ACTIVITY – Return the entire listing, character for character.

DATASET RECORDS –

--- START ---

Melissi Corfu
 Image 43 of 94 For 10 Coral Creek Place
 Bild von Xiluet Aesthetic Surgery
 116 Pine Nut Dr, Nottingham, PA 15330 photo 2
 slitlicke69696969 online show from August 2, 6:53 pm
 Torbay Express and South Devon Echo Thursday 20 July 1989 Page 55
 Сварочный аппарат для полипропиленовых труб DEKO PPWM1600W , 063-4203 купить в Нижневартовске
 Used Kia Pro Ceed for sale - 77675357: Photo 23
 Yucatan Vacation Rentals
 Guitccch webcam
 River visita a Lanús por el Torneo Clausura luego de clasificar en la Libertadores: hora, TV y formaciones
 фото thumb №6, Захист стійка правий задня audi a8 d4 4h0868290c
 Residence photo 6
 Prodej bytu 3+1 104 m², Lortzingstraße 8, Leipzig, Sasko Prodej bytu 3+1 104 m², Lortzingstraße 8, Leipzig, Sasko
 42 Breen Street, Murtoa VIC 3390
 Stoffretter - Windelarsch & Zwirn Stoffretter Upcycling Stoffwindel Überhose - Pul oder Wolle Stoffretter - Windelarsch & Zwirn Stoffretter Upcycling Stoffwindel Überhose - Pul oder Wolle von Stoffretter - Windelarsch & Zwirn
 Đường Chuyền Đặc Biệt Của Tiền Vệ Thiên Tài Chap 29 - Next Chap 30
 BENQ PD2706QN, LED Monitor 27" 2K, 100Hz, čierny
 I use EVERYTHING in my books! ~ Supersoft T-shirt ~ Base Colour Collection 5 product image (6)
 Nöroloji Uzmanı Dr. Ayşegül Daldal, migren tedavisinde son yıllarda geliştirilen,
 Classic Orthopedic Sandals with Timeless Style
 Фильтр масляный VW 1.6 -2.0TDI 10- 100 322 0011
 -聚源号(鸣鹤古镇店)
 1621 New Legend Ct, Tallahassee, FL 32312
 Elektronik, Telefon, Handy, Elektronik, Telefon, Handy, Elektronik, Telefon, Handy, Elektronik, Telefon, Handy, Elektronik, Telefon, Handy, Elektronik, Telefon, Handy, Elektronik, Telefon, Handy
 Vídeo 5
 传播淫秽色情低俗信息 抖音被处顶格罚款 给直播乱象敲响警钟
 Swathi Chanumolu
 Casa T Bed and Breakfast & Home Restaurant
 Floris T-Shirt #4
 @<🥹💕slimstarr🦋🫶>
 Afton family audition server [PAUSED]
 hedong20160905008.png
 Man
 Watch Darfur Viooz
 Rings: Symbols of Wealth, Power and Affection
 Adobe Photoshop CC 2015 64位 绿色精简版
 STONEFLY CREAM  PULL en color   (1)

--- END ---

COMPLETED EXERCISE –
Melissi Corfu
 Image 43 of 94 For 10 Coral Creek Place
 Bild von Xiluet Aesthetic Surgery
 116 Pine Nut Dr, Nottingham, PA 15330 photo 2
 slitlicke69696969 online show from August 2, 6:53 pm
 Torbay Express and South Devon Echo Thursday 20 July 1989 Page 55
 Сварочный аппарат для полипропиленовых труб DEKO PPWM1600W , 063-4203 купить в Нижневартовске
 Used Kia Pro Ceed for sale - 77675357: Photo 23
 Yucatan Vacation Rentals
 Guitccch webcam
 River visita a Lanús por el Torneo Clausura luego de clasificar en la Libertadores: hora, TV y formaciones
 фото thumb №6, Захист стійка правий задня audi a8 d4 4h0868290c
 Residence photo 6
 Prodej bytu 3+1 104 m², Lortzingstraße 8, Leipzig, Sasko Prodej bytu 3+1 104 m², Lortzingstraße 8, Leipzig, Sasko
 42 Breen Street, Murtoa VIC 3390
 Stoffretter - Windelarsch & Zwirn Stoffretter Upcycling Stoffwindel Überhose - Pul oder Wolle Stoffretter - Windelarsch & Zwirn Stoffretter Upcycling Stoffwindel Überhose - Pul oder Wolle von Stoffretter - Windelarsch & Zwirn
 Đường Chuyền Đặc Biệt Của Tiền Vệ Thiên Tài Chap 29 - Next Chap 30
 BENQ PD2706QN, LED Monitor 27" 2K, 100Hz, čierny
 I use EVERYTHING in my books! ~ Supersoft T-shirt ~ Base Colour Collection 5 product image (6)
 Nöroloji Uzmanı Dr. Ayşegül Daldal, migren tedavisinde son yıllarda geliştirilen,
 Classic Orthopedic Sandals with Timeless Style
 Фильтр масляный VW 1.6 -2.0TDI 10- 100 322 0011
 -聚源号(鸣鹤古镇店)
 1621 New Legend Ct, Tallahassee, FL 32312
 Elektronik, Telefon, Handy, Elektronik, Telefon, Handy, Elektronik, Telefon, Handy, Elektronik, Telefon, Handy, Elektronik, Telefon, Handy, Elektronik, Telefon, Handy, Elektronik, Telefon, Handy
 Vídeo 5
 传播淫秽色情低俗信息 抖音被处顶格罚款 给直播乱象敲响警钟
 Swathi Chanumolu
 Casa T Bed and Breakfast & Home Restaurant
 Floris T-Shirt #4
 @<🥹💕slimstarr🦋🫶>
 Afton family audition server [PAUSED]
 hedong20160905008.png
 Man
 Watch Darfur Viooz
 Rings: Symbols of Wealth, Power and Affection
 Adobe Photoshop CC 2015 64位 绿色精简版
 STONEFLY CREAM  PULL en color   (1)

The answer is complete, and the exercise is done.